In 2014, when DirecTV agreed to pay the NFL $1.5 billion per year for Sunday Ticket, renewing the eye-popping contract was was a condition of AT&T’s $48.5B acquisition of the now-faded satellite provider. At the time, NFL games were “among the most viewed shows on television.” In 2021, as the contract neared its end, 75 of the top 100 most watched television programs were NFL games.
A new report from the New York Times seeks to confirm what everyone already knows, that Apple’s Tim Cook is the frontrunner to secure the next contract for Sunday Ticket — and the asking price from the league has ballooned from $1.5B to $2.5B annually. Other companies said to be in the mix are no surprise to anyone either, Amazon, Disney and even Google is said to have submitted a bid for YouTube to be Sunday Ticket’s new home.

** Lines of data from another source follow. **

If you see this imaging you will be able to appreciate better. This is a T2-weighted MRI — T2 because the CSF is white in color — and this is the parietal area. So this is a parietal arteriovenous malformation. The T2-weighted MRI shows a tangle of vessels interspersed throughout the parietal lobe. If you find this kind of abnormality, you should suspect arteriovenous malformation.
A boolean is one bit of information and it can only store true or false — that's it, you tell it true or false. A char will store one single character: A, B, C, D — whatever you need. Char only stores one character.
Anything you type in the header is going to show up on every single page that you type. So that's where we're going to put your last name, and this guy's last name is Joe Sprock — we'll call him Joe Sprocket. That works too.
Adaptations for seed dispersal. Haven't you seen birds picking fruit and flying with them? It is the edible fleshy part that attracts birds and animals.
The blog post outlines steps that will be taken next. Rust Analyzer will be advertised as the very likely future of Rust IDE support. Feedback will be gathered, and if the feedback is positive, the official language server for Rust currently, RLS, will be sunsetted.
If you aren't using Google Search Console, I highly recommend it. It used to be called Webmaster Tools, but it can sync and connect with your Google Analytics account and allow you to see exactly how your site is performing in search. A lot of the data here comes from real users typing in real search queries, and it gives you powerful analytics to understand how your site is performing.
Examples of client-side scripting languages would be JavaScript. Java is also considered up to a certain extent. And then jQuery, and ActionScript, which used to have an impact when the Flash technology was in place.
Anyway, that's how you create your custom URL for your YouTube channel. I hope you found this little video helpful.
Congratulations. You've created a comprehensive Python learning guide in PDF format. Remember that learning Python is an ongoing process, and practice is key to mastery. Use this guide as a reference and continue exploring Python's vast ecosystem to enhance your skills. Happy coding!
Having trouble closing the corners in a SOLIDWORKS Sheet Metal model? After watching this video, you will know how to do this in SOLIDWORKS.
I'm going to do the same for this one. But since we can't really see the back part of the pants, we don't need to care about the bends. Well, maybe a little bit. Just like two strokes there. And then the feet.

Regardless of which company triumphs and what they pay, it’s probably going to be worth it. Live sports is the last unconquered arena for the streaming wars, and Apple is poised to make up significant ground with the acquisition of the Sunday Ticket contract. And unlike most companies, Apple can actually afford to lose the kind of money on the NFL package that DirecTV was losing — as much as $500 million per year.
It remains to be seen if tech companies can provide a better sports viewing experience than traditional cable, but it may not matter right away for Sunday Ticket customers. In certain ways, very little may change, aside from not having to bother to subscribe to DirecTV. SportsBusinessJournal reports that CBS and Fox have clauses in their contracts that mandate that Sunday Ticket can only be offered at a premium price, so the price point will likely remain in the ballpark of $294 per year. This means subscribers will still be able to access all the Sunday games on variety of devices, and the cost may not significantly increase. For now.